* Task material *
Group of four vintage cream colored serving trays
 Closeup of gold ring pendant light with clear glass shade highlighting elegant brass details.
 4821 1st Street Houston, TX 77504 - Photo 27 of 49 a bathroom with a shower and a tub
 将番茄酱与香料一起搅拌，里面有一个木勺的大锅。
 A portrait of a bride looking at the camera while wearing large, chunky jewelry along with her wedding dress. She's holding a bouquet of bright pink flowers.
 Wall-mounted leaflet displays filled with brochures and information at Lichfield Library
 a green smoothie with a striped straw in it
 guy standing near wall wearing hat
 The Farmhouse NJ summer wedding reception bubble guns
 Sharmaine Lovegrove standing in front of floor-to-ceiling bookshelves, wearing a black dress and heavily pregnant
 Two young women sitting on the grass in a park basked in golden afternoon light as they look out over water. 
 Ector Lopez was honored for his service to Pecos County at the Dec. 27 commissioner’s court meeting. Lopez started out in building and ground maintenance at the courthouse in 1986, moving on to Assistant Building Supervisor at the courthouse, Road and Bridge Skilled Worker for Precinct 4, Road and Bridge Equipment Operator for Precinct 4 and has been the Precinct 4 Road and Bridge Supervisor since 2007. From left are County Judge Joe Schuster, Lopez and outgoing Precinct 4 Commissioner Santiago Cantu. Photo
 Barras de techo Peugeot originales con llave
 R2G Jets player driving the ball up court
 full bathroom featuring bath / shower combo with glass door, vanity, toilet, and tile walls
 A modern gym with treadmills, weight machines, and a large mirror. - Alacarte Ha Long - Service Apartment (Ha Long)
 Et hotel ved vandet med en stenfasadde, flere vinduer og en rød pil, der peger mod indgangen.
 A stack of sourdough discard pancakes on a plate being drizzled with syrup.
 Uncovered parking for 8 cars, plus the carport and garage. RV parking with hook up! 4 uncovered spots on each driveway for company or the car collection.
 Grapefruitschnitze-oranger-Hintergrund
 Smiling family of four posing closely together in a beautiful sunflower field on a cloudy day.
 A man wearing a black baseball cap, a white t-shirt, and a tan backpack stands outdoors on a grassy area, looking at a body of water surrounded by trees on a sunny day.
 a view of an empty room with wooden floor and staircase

* Work to complete *
Which lines in the listing above hold the word "dress"? Show each of them.

* Answer below *
 A portrait of a bride looking at the camera while wearing large, chunky jewelry along with her wedding dress. She's holding a bouquet of bright pink flowers.
 Sharmaine Lovegrove standing in front of floor-to-ceiling bookshelves, wearing a black dress and heavily pregnant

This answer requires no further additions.